AJ looked incredibly dangerous and Naito looked like a machine for taking AJ Styles to the limits that he did and drawing AJ to the point of desperation in busting out that super styles clash.
Cewsh: There are two major points of interest here. The first is the fact that we now live in a reality where the Styles Clash, one of the weakest looking moves in wrestling history, is now a kill move so feared and decried, that it earned a BAH GAWD from JR. The second is that Tetsuya Naito continues to grow into a more complete performer as time goes on, and has gone from being a lesser version of Tanahashi to being something all his own.
It isn’t a surprise that this is one of the most overlooked matches on the show. After all, this is basically the gatekeeper between the fun undercard and the unimaginable treasures that lie ahead. Add to that the fact that AJ Styles is the guy most people will be focusing on, and you have an easy formula for the work of Naito to be overlooked altogether. But when I watched this match, I couldn’t take my eyes off of Naito for one simple reason: he learned how to sell.
For YEARS now, one of the biggest knocks on the man, (aside that he is injury prone was pushed down our throats, wears goofy outfits and treats facial expressions like he’s being charged by the smile,) is that he is ridiculously bad at selling limb work. In match after match, his opponent would start working over a body part, only for Naito to start leaping about like a salmon the second that the poor guy’s back was turned. But this match sees Naito wrestle as if he’s trying to erase all of those no selling blunders in one match, as he sells his hurt leg as if AJ has actually removed it from his body, and the match works so much better as a result.
Both of these men have better matches in them, but this was no disappointment. Whether people remember it or not, I will dammit. I will.
Cewsh Note: It is at this point that I feel that I should mention that this is essentially two shows. Everything up to now has been very good and entertaining and absolutely nobody is talking about any of it a few days later.

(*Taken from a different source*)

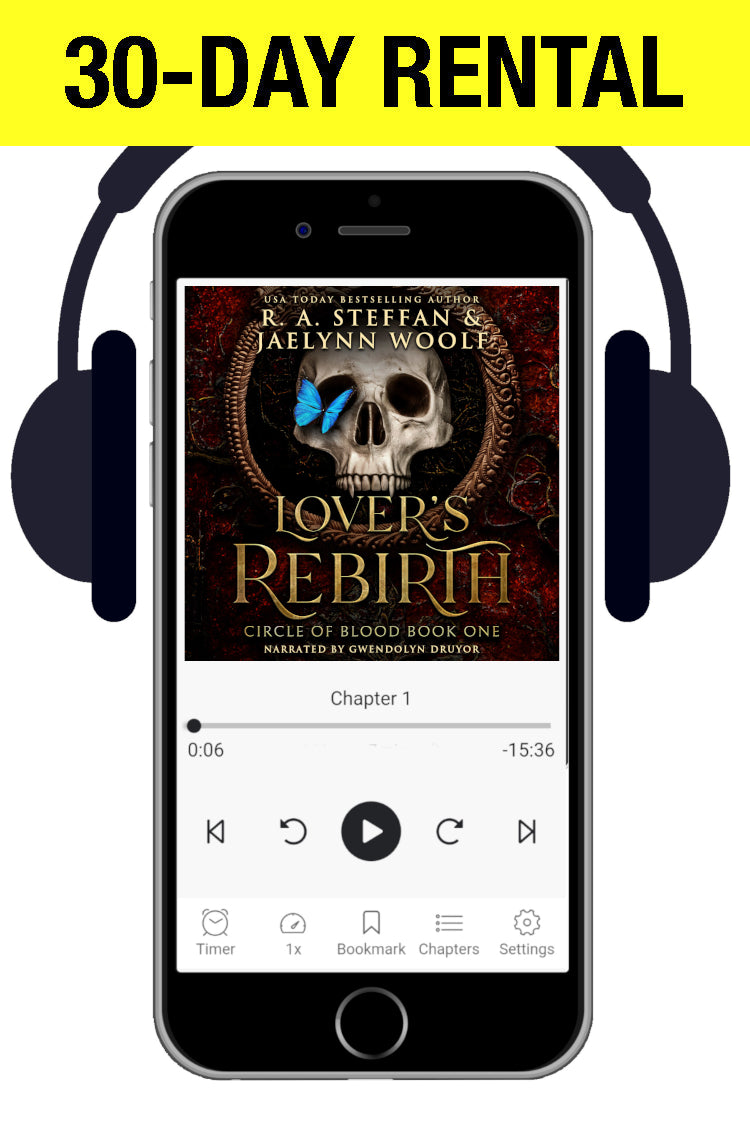 Cell phone with headphones, displaying an audiobook cover with a skull and butterfly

That’s show one. The two matches that are about to follow are the kind of thing that people will judge you for not having seen in the future and will be talked about for years upon years. Adjust your expectations accordingly.
Cewsh: Size matters.
Ever since the early 50s when the American influence on Japan first brought wrestling to the country, and it’s first great star was born in the legendary Rikidozan, size has been king in Japanese wrestling. That this is true in most regions of the wrestling world is undoubted, but in Japan it was so pronounced due to the influence of Rikidozan, and the cultural familiarity with sumo wrestling, that it was built into the very fabric of puroresu itself. There are heavyweights and jr. heavyweights, and heavyweights are the money makers. If a jr. heavyweight wanted to become a big star, he would go away on his sojourn around the world, and come back 40 pounds heavier and a whole lot more stoic. That was simply the only way for smaller guys to get ahead. Get bigger or get out. And for 40 years that remained true until a man named Jushin Liger came along.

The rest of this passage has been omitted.